Wie Mercedes Polen seinen Stempel aufdrückt
Auch Mercedes treibt die E-Mobilität voran: Der Autobauer wird im niederschlesischen Jawor ein Werk für den Bau von E-Lieferfahrzeugen bauen. Die Investitionssumme: Mehr als eine Milliarde Euro. Es sollen 1.500 Arbeitsplätze entstehen. Sie soll emissionsneutral sein, indem beispielsweise Wärmepumpen eingesetzt werden. Das Unternehmen stellt bereits seit 2019 dort E-Motoren- und Batterien her.
Wie wichtig der Gesamtkonzern Polen bei der Umsetzung seiner Strategie nimmt, bis 2039 nur noch emissionsfreie Fahrzeuge herzustellen, wird auch daran deutlich, dass dies die erste Autofabrik des Konzerns überhaupt in Polen ist.

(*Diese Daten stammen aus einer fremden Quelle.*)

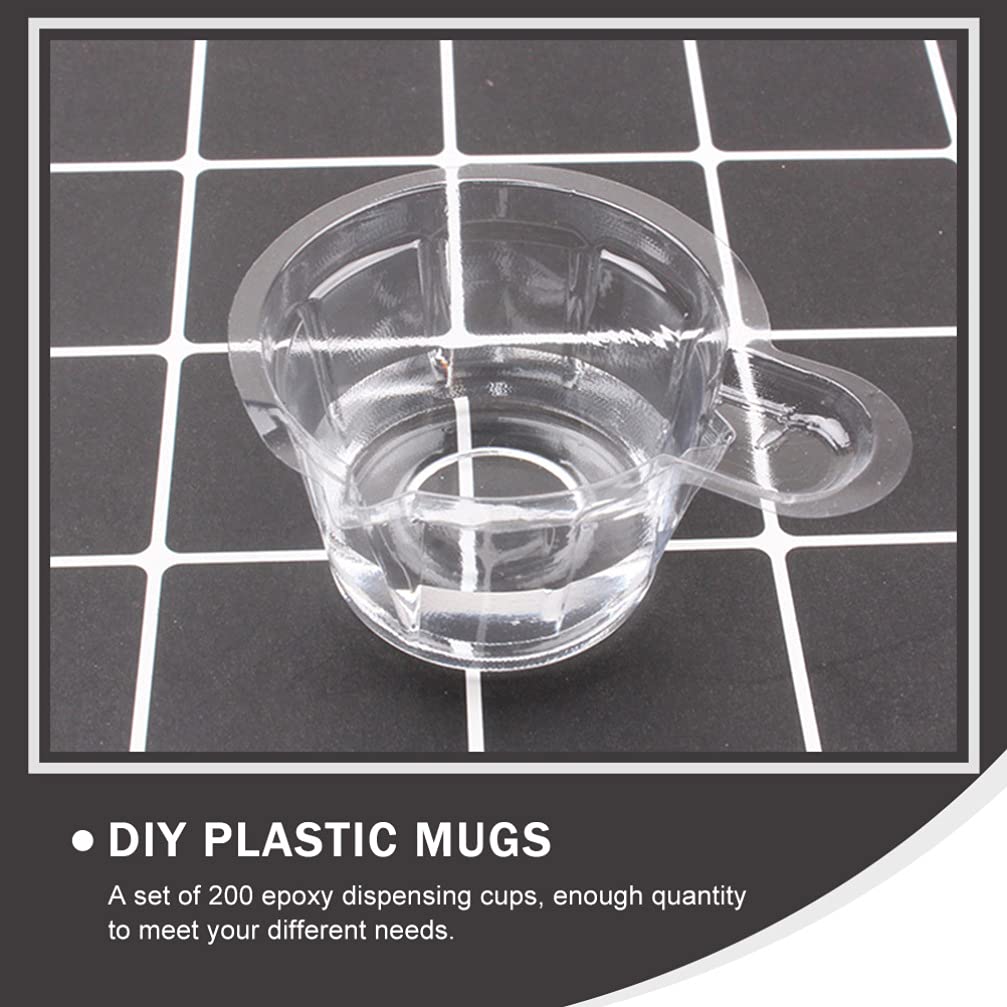 BESPORTBLE 200Pcs Epoxy Resin Mixing Cups 40ml Disposable Graduated Plastic Epoxy Dispensing Cup Epoxy Measuring Mugs Mixing Stirring Cup for DIY Epoxy Resin Casting DIY Art Making Waxing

„Diese Investition kann zu den bedeutendsten in der Geschichte unserer Region gezählt werden. Dank ihr wird Jawor in Niederschlesien zu einem wichtigen Standort im Produktionsnetzwerk von Mercedes-Benz in Europa“, unterstrich auch Piotr Wojtyczka, Vorstandsvorsitzender der Sonderwirtschaftszone Walbrzych. Dort wird die neue Fabrik errichtet.